Recent events in Zimbabwe show that these concerns have been valid. Protests broke out days ago, as Mnangagwa announced a massive hike in fuel prices (a big deal for a country where many people are barely scraping by) as he hopped on a plane to Russia (yes, I’m shocked Donald Trump didn’t do this when the US government shutdown started). Although the fuel price thing is the immediate cause of the protest, citizens are also expressing their disapproval of the government and the state of democracy more generally.

Meanwhile, a government that recently came to power in a coup is of course concerned about its own security, but it has responded in a heavy-handed and violent way that is only confirming its critics’ fears: severe economic hardships continue to be a reality for much of the population, several Zimbabweans have been killed by government forces, and Evan Mawarire is once again in jail as a scapegoat for the country’s unrest.

Mawarire is especially dangerous in the eyes of the government.  President Mnangagwa has been around long enough to see the toppling of former “Presidents for Life” in nearby countries, like Hastings Banda of Malawi and Kenneth Kaunda of Zambia, who both saw their decades long reigns end largely due to pressures from Christian churches and organizations; Kaunda’s replacement, trade union leader Frederick Chiluba, was, like Mawarire, a devout Evangelical and political outsider.  Mawarire has not ruled out running for President in the future, and both his popularity and his humble hesitancy to step into the political fray make him a powerful potential rival for Mnangagwa.

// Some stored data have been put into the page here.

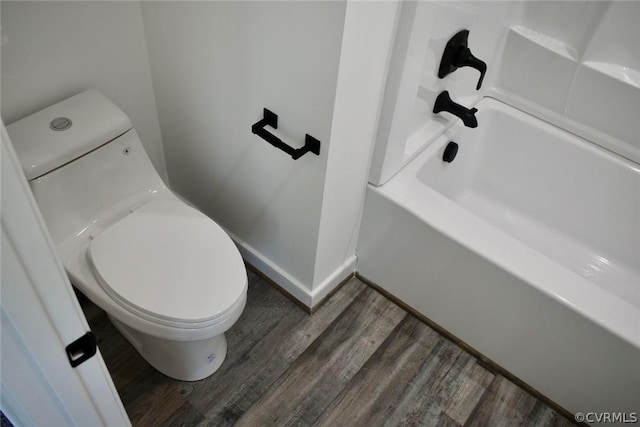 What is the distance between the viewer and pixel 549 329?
1516mm

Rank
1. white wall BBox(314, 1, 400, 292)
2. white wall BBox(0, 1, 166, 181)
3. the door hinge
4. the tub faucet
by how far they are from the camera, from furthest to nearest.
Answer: the tub faucet → white wall BBox(0, 1, 166, 181) → white wall BBox(314, 1, 400, 292) → the door hinge

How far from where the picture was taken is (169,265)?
1434 mm

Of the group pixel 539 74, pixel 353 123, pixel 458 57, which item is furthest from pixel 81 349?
pixel 539 74

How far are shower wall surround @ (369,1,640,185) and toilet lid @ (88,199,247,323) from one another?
1.76ft

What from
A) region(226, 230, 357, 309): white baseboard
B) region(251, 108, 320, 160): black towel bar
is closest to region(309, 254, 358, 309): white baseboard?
region(226, 230, 357, 309): white baseboard

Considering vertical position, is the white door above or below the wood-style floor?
above

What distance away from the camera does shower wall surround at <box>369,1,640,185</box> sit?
1.56m

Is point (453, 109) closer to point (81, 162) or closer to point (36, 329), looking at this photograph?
point (81, 162)

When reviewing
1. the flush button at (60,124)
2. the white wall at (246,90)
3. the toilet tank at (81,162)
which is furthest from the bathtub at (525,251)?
the flush button at (60,124)

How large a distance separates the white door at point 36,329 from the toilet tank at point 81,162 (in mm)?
685

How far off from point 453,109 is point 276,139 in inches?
26.3

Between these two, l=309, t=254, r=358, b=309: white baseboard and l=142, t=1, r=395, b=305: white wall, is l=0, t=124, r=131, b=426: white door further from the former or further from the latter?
l=309, t=254, r=358, b=309: white baseboard

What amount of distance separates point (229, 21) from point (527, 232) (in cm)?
140

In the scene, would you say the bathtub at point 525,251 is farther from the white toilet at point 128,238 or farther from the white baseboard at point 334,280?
the white toilet at point 128,238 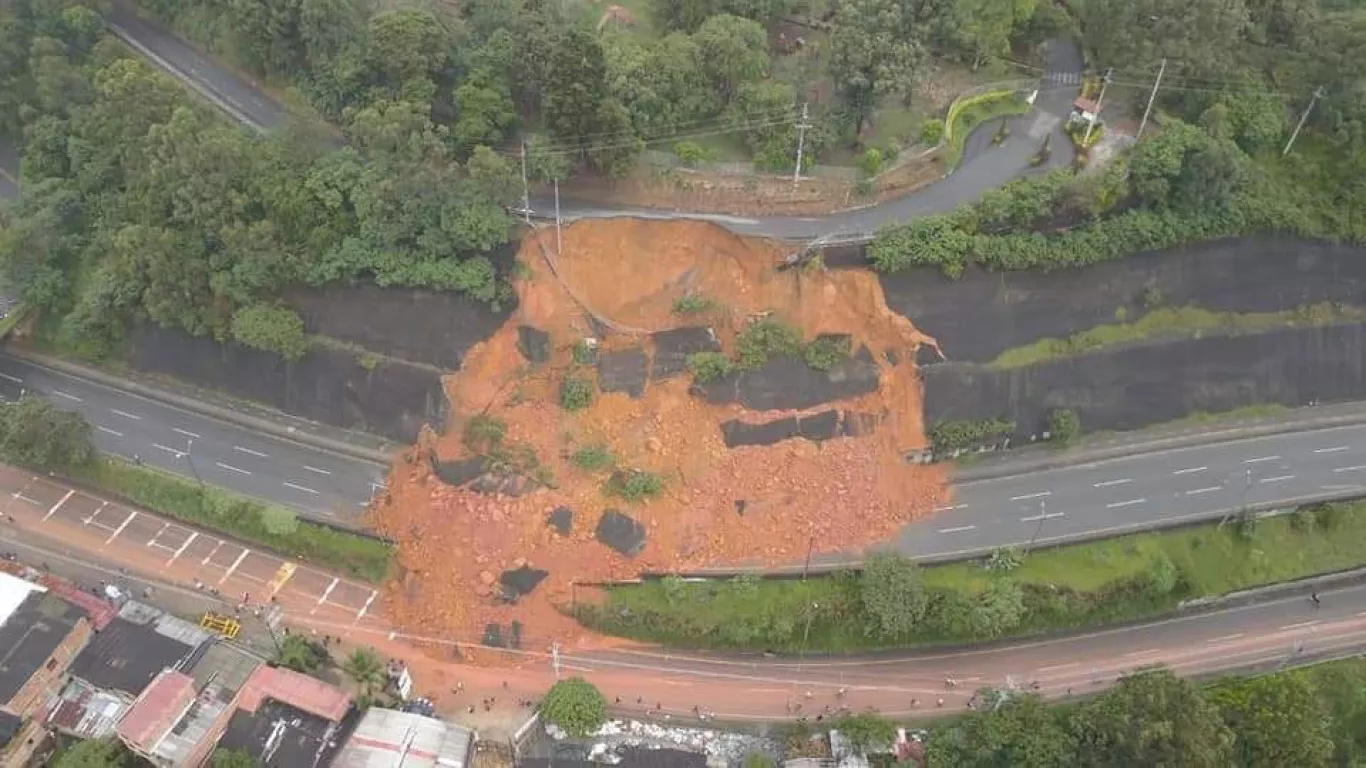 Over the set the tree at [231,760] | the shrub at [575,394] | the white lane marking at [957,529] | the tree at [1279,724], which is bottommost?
the tree at [231,760]

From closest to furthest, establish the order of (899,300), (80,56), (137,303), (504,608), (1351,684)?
(1351,684) → (504,608) → (899,300) → (137,303) → (80,56)

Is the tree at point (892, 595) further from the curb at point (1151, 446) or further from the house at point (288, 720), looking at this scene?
the house at point (288, 720)

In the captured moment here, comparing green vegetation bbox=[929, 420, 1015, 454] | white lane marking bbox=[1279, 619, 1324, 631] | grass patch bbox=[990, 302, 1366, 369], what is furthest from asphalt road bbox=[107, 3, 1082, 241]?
white lane marking bbox=[1279, 619, 1324, 631]

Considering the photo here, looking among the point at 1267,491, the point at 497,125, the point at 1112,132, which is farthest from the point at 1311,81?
the point at 497,125

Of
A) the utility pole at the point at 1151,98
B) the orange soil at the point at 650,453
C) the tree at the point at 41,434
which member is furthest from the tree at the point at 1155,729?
the tree at the point at 41,434

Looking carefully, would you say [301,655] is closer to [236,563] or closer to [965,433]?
[236,563]

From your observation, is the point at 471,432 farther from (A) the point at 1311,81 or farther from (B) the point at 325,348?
(A) the point at 1311,81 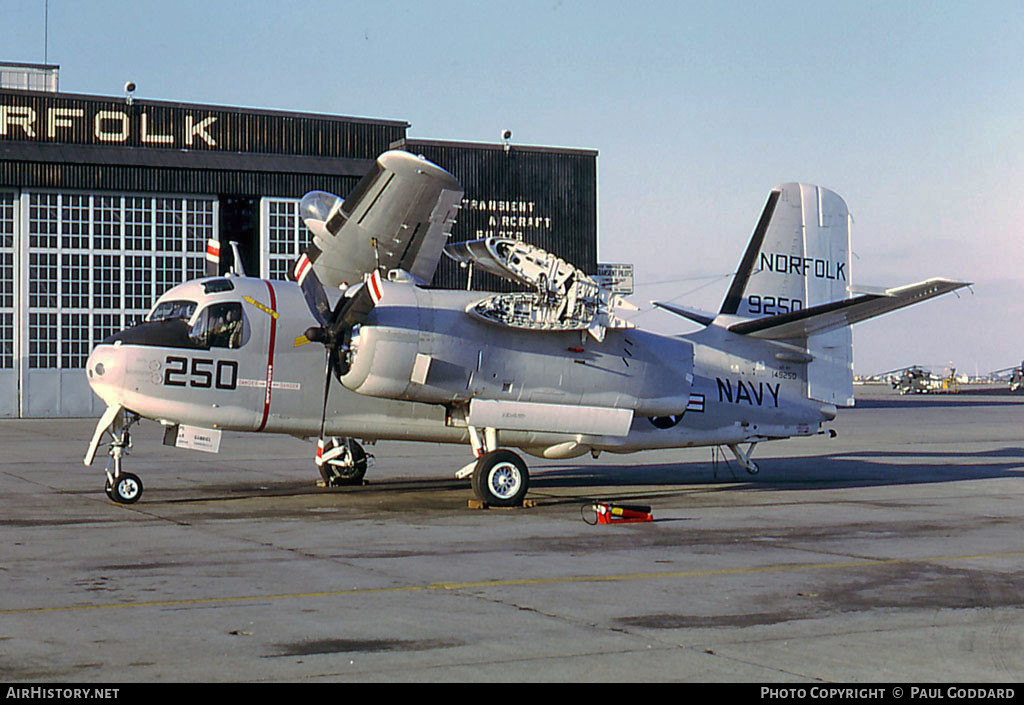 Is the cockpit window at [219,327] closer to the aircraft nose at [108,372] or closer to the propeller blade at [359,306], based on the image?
the aircraft nose at [108,372]

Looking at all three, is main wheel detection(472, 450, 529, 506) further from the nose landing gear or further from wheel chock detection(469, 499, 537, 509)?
the nose landing gear

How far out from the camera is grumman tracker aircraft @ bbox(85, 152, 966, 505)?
58.5ft

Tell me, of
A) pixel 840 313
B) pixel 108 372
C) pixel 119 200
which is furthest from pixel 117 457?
pixel 119 200

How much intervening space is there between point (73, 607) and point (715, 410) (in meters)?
13.9

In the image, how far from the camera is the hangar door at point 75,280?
51.5m

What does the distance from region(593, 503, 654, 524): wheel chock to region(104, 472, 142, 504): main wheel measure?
24.1 ft

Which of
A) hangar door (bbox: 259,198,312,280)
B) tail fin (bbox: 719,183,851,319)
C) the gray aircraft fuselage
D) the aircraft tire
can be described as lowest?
the aircraft tire

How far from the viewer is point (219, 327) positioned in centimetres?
1830

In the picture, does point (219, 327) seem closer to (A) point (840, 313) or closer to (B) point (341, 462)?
(B) point (341, 462)

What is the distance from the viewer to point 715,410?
70.9 feet

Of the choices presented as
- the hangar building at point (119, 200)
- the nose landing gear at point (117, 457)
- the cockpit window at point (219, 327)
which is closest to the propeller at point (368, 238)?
the cockpit window at point (219, 327)

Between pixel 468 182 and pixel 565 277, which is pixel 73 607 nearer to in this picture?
pixel 565 277

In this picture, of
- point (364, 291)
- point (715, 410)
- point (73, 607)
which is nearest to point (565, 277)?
point (364, 291)

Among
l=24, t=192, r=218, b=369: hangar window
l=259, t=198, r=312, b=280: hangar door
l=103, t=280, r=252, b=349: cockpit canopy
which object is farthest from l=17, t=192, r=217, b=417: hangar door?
l=103, t=280, r=252, b=349: cockpit canopy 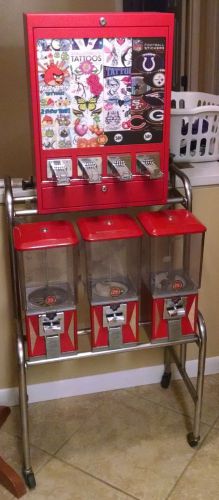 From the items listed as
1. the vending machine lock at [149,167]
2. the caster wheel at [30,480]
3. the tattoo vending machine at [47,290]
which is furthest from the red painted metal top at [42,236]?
the caster wheel at [30,480]

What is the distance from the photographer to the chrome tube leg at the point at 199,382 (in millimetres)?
1502

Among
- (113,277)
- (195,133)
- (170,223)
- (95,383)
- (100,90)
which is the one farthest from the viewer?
(95,383)

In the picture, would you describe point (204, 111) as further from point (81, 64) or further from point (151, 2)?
point (151, 2)

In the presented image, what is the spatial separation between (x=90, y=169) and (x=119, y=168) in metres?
0.08

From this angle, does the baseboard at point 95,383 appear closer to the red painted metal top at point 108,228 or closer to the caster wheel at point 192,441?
the caster wheel at point 192,441

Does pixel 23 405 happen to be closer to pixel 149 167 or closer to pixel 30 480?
pixel 30 480

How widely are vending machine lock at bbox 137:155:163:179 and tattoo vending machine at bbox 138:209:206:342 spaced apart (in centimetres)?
13

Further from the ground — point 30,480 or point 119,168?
point 119,168

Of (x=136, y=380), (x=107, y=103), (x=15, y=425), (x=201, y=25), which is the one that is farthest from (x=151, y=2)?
(x=15, y=425)

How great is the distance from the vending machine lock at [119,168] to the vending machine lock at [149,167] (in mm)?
40

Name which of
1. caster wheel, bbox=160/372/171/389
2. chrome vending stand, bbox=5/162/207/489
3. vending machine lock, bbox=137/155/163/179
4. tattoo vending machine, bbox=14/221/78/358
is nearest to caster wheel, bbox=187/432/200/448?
chrome vending stand, bbox=5/162/207/489

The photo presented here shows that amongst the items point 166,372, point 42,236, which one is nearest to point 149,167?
point 42,236

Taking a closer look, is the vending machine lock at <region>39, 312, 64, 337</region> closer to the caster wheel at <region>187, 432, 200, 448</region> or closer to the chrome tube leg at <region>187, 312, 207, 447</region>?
the chrome tube leg at <region>187, 312, 207, 447</region>

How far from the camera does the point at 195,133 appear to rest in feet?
5.33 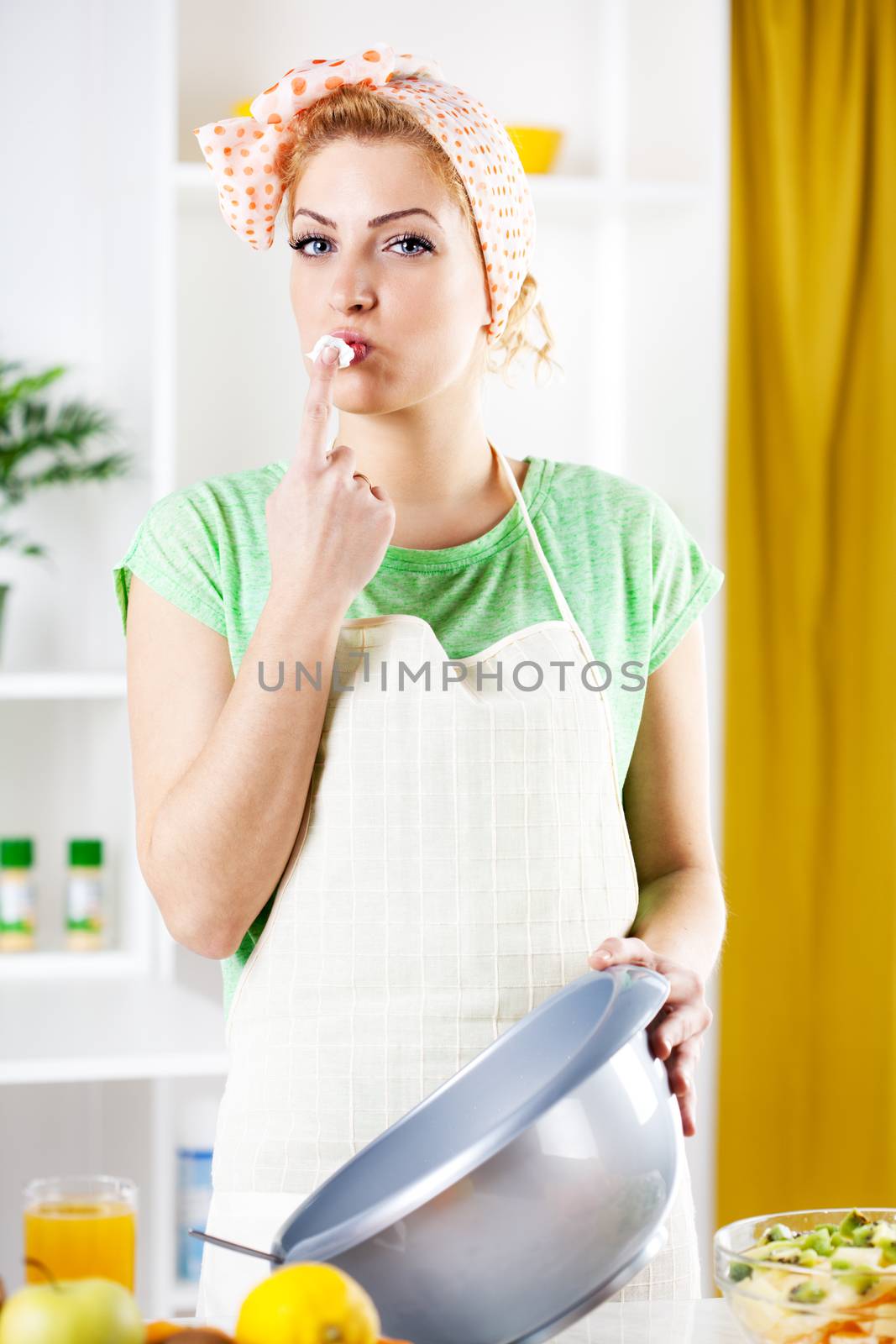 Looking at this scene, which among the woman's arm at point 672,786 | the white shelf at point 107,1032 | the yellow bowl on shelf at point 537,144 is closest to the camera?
the woman's arm at point 672,786

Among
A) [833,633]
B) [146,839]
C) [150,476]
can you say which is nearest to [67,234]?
[150,476]

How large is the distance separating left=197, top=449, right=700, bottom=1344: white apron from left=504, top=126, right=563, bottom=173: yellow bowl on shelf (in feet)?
4.60

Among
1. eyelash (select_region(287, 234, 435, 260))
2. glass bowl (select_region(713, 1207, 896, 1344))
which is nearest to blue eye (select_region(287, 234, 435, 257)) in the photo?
eyelash (select_region(287, 234, 435, 260))

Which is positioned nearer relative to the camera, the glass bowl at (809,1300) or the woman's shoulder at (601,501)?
the glass bowl at (809,1300)

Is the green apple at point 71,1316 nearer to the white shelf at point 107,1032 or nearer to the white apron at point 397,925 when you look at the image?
the white apron at point 397,925

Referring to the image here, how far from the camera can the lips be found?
1116 millimetres

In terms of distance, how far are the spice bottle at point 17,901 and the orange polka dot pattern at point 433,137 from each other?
1.31 m

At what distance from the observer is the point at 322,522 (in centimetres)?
107

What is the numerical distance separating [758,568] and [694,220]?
1.86 ft

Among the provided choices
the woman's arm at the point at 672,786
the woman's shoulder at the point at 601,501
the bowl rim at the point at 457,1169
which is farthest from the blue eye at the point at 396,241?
the bowl rim at the point at 457,1169

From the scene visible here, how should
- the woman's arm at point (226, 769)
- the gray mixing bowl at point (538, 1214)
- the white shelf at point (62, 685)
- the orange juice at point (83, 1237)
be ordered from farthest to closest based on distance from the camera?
the white shelf at point (62, 685)
the woman's arm at point (226, 769)
the orange juice at point (83, 1237)
the gray mixing bowl at point (538, 1214)

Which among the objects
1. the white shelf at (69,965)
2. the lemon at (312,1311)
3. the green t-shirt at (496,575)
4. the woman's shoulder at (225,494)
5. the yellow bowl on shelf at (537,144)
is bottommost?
the white shelf at (69,965)

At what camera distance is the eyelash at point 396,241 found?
1.14 meters

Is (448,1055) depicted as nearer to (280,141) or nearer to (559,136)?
(280,141) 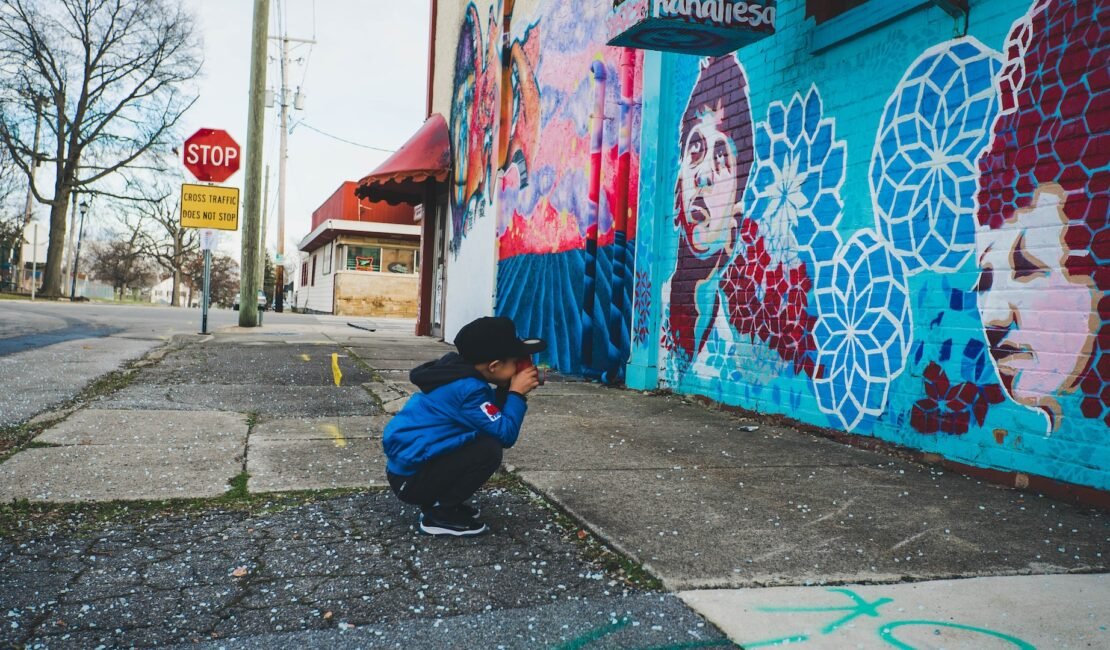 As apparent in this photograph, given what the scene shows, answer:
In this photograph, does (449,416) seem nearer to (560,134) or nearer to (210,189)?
(560,134)

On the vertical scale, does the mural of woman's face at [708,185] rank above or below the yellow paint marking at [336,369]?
above

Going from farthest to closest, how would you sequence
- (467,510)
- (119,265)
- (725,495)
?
1. (119,265)
2. (725,495)
3. (467,510)

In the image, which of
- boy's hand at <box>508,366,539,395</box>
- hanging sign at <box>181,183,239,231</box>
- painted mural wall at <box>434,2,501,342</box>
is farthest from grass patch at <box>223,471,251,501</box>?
hanging sign at <box>181,183,239,231</box>

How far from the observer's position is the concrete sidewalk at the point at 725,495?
2.36 m

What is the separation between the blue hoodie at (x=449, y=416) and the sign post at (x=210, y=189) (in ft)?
32.4

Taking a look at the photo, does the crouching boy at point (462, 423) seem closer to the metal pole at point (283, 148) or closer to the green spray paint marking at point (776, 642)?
the green spray paint marking at point (776, 642)

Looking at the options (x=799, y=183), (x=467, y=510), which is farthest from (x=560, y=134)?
(x=467, y=510)

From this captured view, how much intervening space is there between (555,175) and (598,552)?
22.9 feet

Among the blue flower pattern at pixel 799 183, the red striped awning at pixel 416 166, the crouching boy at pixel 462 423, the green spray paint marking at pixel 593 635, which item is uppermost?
the red striped awning at pixel 416 166

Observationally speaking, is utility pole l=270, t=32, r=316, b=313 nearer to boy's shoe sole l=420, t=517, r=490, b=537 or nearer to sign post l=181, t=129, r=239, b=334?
sign post l=181, t=129, r=239, b=334

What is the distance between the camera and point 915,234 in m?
4.54

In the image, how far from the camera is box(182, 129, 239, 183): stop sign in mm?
11750

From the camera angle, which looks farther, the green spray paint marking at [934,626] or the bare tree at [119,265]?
the bare tree at [119,265]

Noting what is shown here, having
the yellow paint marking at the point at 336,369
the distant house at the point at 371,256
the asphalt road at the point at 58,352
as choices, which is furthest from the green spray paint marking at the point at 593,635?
the distant house at the point at 371,256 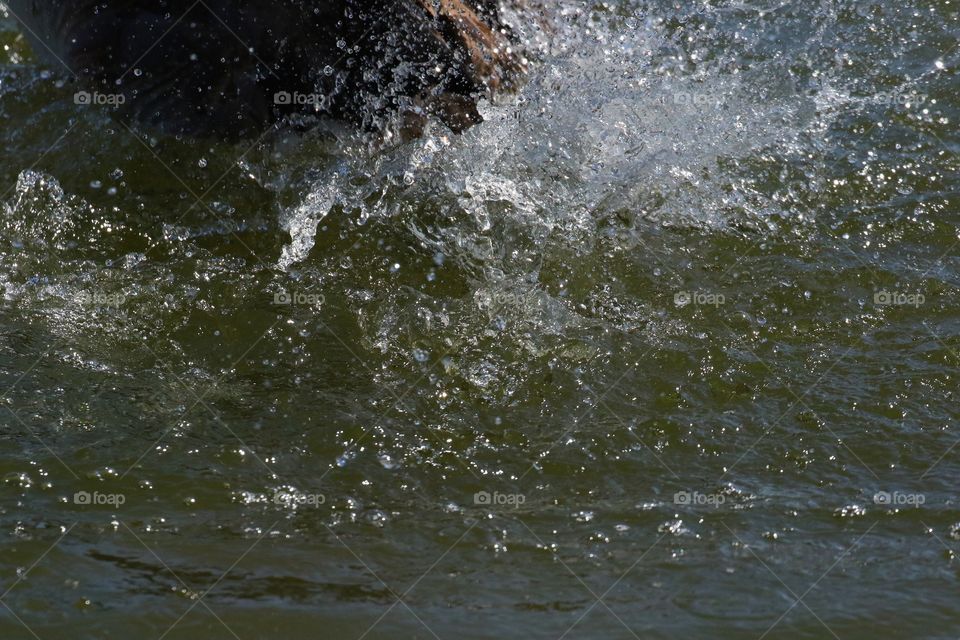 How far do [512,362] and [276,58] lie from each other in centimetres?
160

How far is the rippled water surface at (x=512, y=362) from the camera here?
2.93 metres

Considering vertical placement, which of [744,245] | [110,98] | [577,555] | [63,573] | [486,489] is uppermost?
[110,98]

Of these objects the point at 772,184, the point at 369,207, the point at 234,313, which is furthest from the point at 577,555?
the point at 772,184

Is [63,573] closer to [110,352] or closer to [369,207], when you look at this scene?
[110,352]

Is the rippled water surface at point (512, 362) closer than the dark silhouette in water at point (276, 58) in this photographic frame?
Yes

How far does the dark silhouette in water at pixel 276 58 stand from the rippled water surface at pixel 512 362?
5.6 inches

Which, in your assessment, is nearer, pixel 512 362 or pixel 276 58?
pixel 512 362

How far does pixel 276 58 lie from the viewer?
445cm

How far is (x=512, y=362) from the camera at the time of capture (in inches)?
156

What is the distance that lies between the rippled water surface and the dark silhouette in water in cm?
14

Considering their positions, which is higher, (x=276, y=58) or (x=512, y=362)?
(x=276, y=58)

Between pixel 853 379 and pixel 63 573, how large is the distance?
8.74ft

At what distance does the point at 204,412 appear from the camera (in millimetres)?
3717

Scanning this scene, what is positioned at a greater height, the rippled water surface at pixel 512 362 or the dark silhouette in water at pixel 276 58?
the dark silhouette in water at pixel 276 58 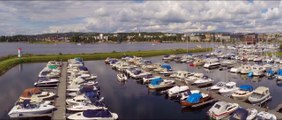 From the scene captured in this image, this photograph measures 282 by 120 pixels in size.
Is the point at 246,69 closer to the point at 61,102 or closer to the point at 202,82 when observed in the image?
the point at 202,82

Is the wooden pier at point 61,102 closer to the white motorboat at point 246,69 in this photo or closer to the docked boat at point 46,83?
the docked boat at point 46,83

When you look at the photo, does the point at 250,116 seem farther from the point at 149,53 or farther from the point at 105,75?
the point at 149,53

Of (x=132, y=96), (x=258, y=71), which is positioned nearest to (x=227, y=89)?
(x=132, y=96)

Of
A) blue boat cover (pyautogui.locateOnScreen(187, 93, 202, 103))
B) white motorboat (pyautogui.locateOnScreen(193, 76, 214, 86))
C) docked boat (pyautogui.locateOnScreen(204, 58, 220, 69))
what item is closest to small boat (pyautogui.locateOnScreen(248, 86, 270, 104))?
blue boat cover (pyautogui.locateOnScreen(187, 93, 202, 103))

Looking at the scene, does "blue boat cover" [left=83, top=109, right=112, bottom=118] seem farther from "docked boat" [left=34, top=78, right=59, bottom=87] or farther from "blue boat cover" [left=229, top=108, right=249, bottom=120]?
"docked boat" [left=34, top=78, right=59, bottom=87]

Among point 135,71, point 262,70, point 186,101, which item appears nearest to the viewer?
point 186,101

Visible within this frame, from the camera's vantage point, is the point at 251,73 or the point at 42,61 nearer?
the point at 251,73

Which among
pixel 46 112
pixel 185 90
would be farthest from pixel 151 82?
pixel 46 112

I reached out to Former US Ambassador to Zimbabwe Harry K. Thomas, who was the US presence in the country during Mawarire’s protests and the coup against Mugabe and who has been critical of the ruling party in the past, for comment. I’ll quote his statement at length:

“The ZANU-PF led government is unwilling to allow peaceful protest and freedom of speech as mandated by Zimbabwe’s Constitution.  It has attempted to stop dissent by shutting down the internet.  The government must halt arbitrary arrests, prosecute those who are attacking civilians and destroying property.  It must release Pastor Evan and all those it has arbitrarily detained for exercising their right to use non-violent protest.  Ham-handed means of stifling criticism will harm Zimbabwe’s attempts to re-engage the global democratic community. ZANU-PF should understand that dissent, especially from the clergy and media, is necessary in a democracy.

“I regret that Zimbabweans were deceived in 2017 and so desperate to oust Mugabe that they accepted Mnangagwa a.k.a the “Crocodile” in his place.  It will be difficult to effect positive change because the military supports the corrupt government. That said, the ruling elite and their friends in business depend on ZANU-PF’s  patronage to survive and cannot be depended on to help find a way forward. They too, share responsibility for Zimbabwe’s years long downward spiral and their contribution to this dire situation should not be ignored or forgiven. ”

At this point, it seems unlikely that Mnangagwa or ZANU-PF will simply decide to radically shift gears and move away from the repression of the past, but we’ve seen many times in the past (and recently) the power of factors such as nonviolent protest, religious-based political opposition, and social media to challenge and pressure repressive governments. Pastor Evan Mawarire and the #ThisFlag movement have embodied all three of these forces, and the government’s attempt to silence the pastor and mute his virtual platform are likely to backfire.